What you will do:
Your answer should be one number: the count of lines in the records that include the word "Watch".

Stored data
◇ ◇ ◇

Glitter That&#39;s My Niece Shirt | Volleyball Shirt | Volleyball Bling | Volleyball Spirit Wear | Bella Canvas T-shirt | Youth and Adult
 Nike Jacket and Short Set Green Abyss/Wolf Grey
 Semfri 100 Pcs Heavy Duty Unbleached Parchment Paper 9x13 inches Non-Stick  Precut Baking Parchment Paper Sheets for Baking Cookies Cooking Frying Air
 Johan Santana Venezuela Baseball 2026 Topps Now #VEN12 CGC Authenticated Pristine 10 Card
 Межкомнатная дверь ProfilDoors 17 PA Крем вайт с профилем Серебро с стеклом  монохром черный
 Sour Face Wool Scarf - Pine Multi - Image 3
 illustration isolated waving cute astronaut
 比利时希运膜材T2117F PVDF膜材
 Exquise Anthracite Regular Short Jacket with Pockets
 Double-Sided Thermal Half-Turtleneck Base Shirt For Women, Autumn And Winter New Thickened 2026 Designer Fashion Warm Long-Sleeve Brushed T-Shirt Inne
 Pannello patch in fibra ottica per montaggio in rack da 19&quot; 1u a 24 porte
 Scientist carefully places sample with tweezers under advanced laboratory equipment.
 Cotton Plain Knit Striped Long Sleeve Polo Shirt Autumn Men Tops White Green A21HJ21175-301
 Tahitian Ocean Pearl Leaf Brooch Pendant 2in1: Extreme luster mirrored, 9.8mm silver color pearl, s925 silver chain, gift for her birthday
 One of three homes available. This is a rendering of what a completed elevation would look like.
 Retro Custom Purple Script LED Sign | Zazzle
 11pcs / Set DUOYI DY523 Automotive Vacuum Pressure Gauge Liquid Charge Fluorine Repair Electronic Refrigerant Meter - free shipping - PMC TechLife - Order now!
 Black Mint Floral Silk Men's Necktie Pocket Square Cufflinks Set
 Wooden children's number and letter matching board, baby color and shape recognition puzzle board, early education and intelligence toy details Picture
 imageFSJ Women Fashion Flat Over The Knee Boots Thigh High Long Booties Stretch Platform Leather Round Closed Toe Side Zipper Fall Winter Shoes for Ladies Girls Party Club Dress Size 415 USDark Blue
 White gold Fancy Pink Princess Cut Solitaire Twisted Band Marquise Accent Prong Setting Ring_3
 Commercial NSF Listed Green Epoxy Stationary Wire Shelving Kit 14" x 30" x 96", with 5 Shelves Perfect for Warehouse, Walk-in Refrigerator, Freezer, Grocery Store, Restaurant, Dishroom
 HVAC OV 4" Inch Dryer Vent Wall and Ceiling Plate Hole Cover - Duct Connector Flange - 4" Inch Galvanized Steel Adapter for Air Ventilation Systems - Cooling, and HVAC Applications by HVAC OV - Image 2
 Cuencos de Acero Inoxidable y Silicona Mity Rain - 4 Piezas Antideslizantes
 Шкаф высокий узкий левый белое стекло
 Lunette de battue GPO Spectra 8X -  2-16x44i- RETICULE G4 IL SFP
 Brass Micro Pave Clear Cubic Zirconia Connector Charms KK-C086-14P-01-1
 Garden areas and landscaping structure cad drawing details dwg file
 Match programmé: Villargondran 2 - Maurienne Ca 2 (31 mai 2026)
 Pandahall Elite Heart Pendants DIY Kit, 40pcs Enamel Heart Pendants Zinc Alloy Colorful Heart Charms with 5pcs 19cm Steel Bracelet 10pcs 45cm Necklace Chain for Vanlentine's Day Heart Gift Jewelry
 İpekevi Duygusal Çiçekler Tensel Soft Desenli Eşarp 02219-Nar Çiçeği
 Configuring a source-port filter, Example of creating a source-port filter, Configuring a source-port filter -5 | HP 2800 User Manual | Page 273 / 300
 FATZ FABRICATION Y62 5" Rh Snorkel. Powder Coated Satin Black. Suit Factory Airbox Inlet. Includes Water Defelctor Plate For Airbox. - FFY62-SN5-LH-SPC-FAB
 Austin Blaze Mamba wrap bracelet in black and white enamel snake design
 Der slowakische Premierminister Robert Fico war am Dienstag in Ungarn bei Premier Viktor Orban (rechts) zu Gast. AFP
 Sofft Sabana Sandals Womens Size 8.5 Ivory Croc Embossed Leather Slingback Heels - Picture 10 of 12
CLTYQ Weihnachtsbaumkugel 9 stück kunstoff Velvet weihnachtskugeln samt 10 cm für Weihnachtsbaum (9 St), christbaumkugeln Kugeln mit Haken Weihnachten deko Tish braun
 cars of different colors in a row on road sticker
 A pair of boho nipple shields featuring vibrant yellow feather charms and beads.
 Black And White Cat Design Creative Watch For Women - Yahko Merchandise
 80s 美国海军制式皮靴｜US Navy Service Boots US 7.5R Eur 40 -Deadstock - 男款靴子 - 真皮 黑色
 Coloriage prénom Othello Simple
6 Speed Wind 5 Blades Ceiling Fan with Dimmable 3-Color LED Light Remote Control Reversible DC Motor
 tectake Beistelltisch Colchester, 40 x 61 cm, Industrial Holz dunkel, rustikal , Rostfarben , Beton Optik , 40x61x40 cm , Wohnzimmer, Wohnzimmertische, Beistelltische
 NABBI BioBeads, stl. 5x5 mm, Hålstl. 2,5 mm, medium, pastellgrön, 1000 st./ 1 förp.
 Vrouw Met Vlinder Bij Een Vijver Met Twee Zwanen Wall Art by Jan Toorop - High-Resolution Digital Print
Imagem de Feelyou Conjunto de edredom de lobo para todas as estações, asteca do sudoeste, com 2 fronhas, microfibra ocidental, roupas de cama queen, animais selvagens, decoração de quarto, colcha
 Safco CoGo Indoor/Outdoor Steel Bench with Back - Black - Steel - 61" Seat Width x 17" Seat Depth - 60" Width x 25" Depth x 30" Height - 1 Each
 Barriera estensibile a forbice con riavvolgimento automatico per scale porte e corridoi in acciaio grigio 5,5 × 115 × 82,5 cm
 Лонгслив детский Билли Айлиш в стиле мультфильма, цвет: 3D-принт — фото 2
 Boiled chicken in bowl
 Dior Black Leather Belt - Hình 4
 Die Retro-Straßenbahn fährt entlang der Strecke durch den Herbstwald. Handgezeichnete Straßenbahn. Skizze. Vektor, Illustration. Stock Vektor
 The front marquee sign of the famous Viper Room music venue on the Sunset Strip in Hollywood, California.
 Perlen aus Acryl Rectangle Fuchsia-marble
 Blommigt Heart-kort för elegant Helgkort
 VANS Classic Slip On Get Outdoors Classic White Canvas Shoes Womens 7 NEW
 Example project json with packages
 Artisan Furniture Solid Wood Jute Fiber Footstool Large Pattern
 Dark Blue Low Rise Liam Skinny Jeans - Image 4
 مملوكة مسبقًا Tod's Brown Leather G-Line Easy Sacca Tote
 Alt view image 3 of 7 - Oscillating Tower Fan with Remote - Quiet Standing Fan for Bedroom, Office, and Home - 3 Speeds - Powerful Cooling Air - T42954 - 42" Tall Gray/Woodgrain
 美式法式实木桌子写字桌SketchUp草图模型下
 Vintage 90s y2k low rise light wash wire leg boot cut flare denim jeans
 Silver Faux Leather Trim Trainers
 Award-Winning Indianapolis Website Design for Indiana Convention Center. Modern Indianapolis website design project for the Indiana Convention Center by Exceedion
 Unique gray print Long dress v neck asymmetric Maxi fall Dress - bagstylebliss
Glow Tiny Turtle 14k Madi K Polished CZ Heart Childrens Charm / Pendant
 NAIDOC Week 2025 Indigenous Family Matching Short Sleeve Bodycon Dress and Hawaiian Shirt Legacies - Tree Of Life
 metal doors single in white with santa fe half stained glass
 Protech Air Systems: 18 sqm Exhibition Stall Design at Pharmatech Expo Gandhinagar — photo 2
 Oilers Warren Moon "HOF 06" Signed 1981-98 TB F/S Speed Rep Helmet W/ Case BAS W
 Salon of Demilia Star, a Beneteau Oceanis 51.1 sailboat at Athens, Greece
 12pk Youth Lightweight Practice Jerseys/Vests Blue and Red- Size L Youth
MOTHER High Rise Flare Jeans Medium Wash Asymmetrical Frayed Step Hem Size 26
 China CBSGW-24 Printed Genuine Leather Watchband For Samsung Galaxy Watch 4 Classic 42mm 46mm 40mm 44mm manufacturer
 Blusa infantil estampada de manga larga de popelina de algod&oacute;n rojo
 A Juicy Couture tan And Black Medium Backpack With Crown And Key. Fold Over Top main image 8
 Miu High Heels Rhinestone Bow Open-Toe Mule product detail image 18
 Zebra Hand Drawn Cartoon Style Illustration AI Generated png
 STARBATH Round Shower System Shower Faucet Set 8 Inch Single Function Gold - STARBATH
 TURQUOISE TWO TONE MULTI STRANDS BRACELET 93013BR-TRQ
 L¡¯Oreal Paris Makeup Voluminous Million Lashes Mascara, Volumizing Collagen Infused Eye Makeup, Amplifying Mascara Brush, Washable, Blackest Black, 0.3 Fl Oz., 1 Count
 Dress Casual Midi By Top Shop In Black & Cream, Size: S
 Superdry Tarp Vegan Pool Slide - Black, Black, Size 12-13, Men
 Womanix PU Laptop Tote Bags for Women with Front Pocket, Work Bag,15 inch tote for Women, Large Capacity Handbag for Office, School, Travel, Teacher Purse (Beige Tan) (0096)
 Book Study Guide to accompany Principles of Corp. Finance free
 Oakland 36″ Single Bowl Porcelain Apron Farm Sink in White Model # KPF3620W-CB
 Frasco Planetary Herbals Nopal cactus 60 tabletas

◇ ◇ ◇

Answer space:
2